1st Sunday of Lent - Year C - March 6, 2022

1st Sunday of Lent – Year C – March 6, 2022

LENT: A SEASON TO TALK

On Wednesday we began the liturgical season of Lent, during which the Church invites us to prepare ourselves to celebrate the great feast of Easter and examine ourselves to learn about our shortcomings and failures as we received ashes on our foreheads. This is a special time for recalling the gift of our baptism, when we became children of God. What does it mean to be children of God? The answer to it I would say is to become “Lent”. What does “Lent” mean or to become “Lent”.

I believe “Lent” means:

Lowering ourselves before that Lord from our pride, judgemental attitude, and discriminatory viewpoints of other.  The Church invites us to renew the gift she has given us, not to let this gift lie dormant as if it were something from the past or locked away in a “memory chest”. God’s dream makes its home and lives in each one of us so that at every Easter, in every Eucharist we celebrate, we may be the children of God. It is a dream which so many of our brothers and sisters have had through history. A dream witnessed to by the blood of so many martyrs, both from long ago and from now.
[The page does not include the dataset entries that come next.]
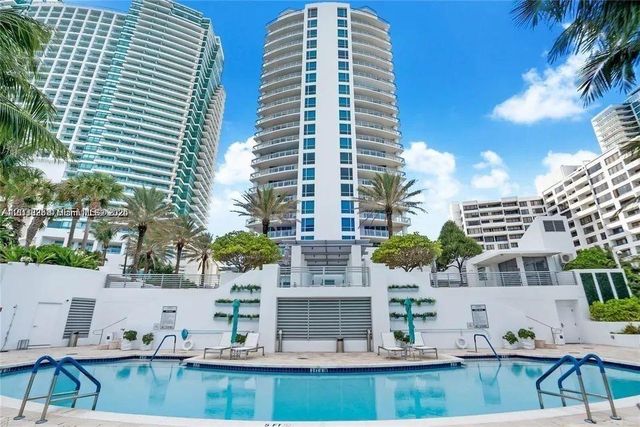 3535 S Ocean Dr 1703, Hollywood, FL 33019
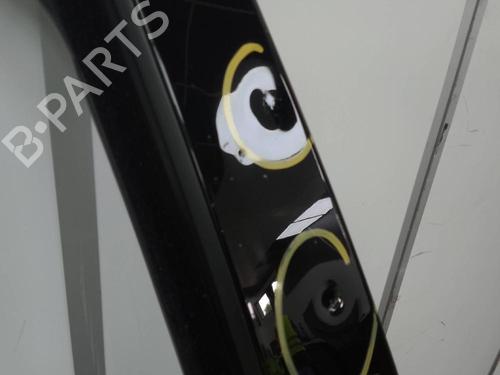 Right rear door VOLVO XC60 I SUV (156) D3 | BP19137861C5 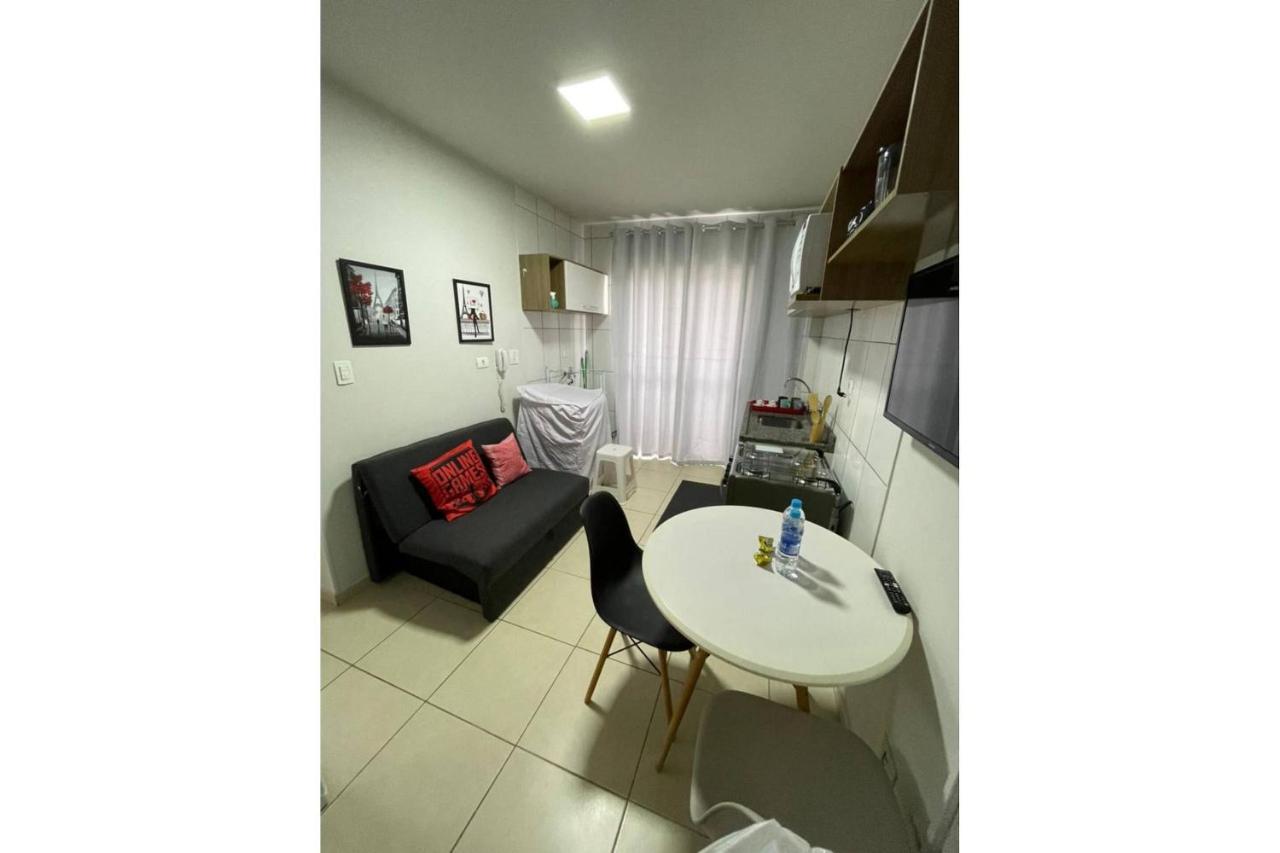 Gran Studium Apartment Maringá Екстериор снимка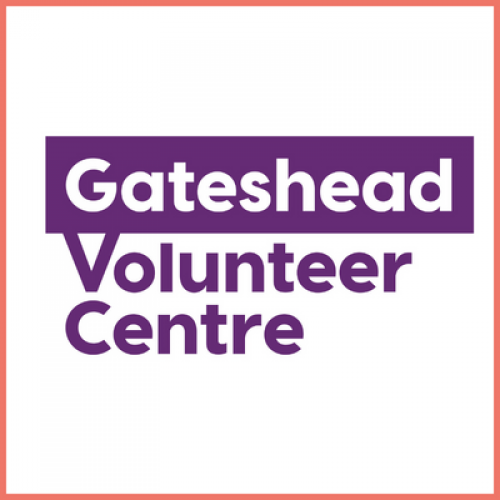 Gateshead Volunteer Centre 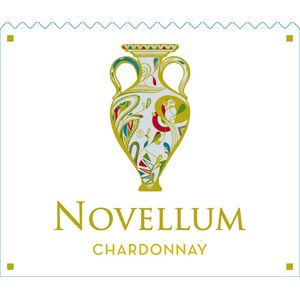 2021 Novellum Chardonnay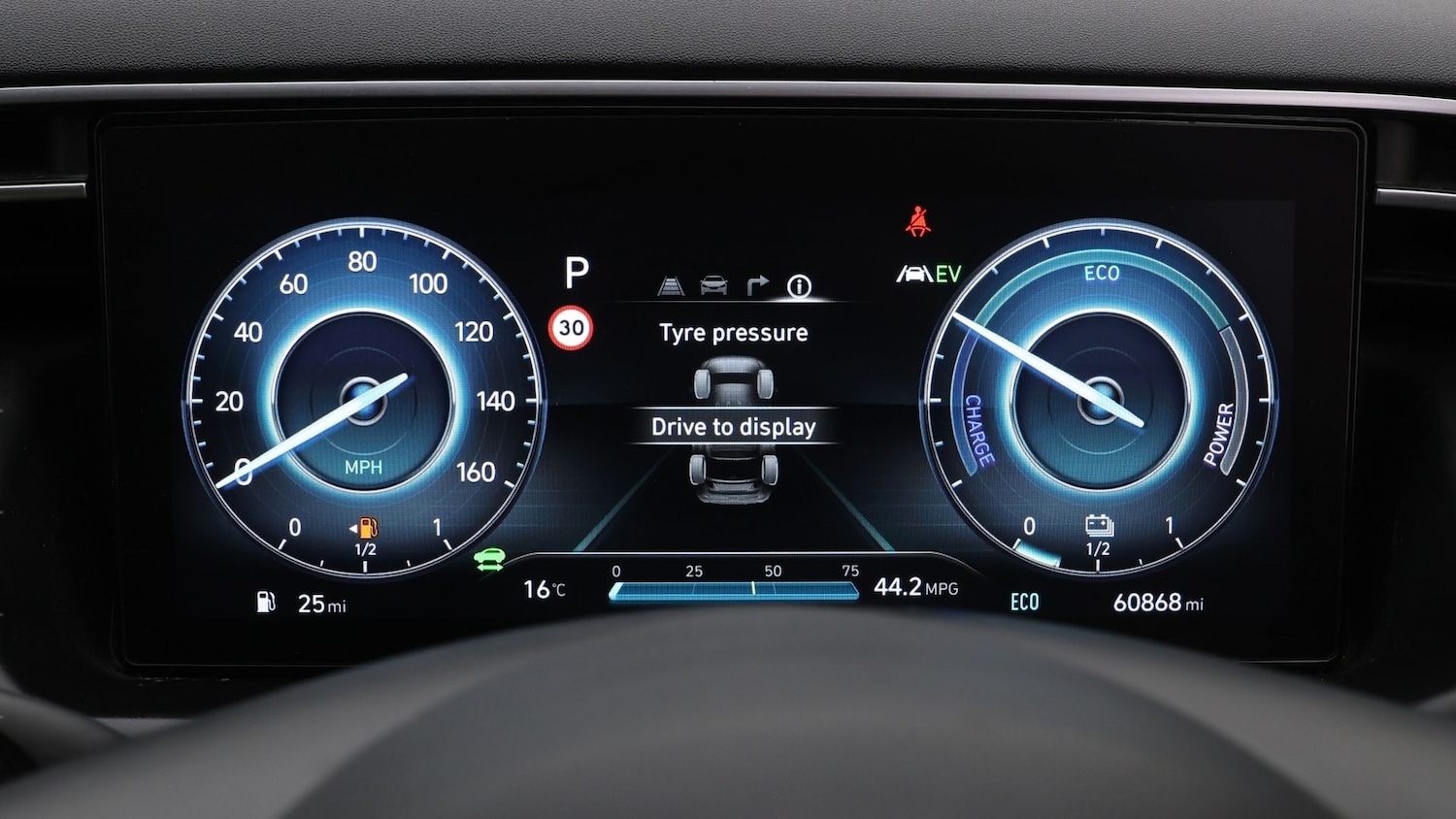 Used Hyundai TUCSON 2021 for sale - 77669139: Photo 10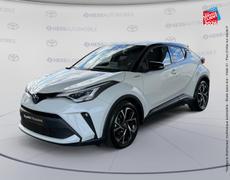 Toyota C-HR Metz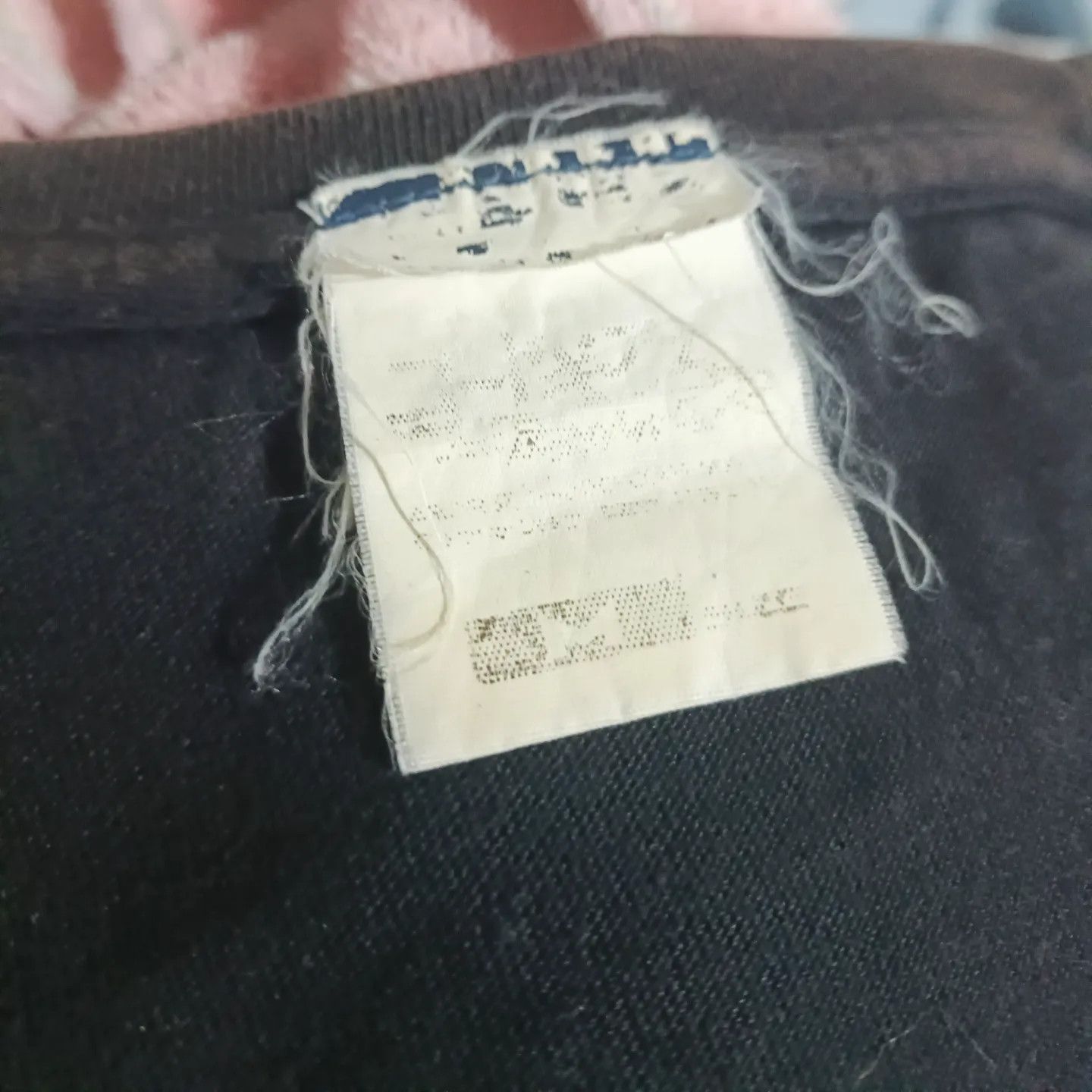 Anime Anime Code Guess shirt Size US M / EU 48-50 / 2 - 4 Thumbnail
Entering the deepest darkness of our lives and examining ourselves to see if we have forgotten our first love for Jesus or become lukewarm in our relationship with him. Lent is a good time to recover the joy and hope that make us feel like beloved sons and daughters of the Father. The Father who waits for us to cast off our garments of exhaustion, of apathy, of mistrust, and clothe us with the dignity which only a true father or mother knows how to give their children, with the garments born of tenderness and love. Our Father, He is the Father of a great family; he is our Father. He knows that he has a unique love, but he does not know how to bear or raise an “only child”. He is the God of the home, of brotherhood, of bread broken and shared. He is the God who is “Our Father”, not “my father” or “your stepfather”.

Nothing should take us away from the Lord neither our doubts rising from our pain and suffering nor the temptations and distraction of the world. As St. Paul says “Who will separate us from the love of Christ? Will hardship, or distress, or persecution, or famine, or nakedness, or peril, or sword?  As it is written, “For your sake we are being killed all day long; we are accounted as sheep to be slaughtered.” No, in all these things we are more than conquerors through him who loved us.  For I am convinced that neither death, nor life, nor angels, nor rulers, nor things present, nor things to come, nor powers, nor height, nor depth, nor anything else in all creation, will be able to separate us from the love of God in Christ Jesus our Lord” (Romans 35-39).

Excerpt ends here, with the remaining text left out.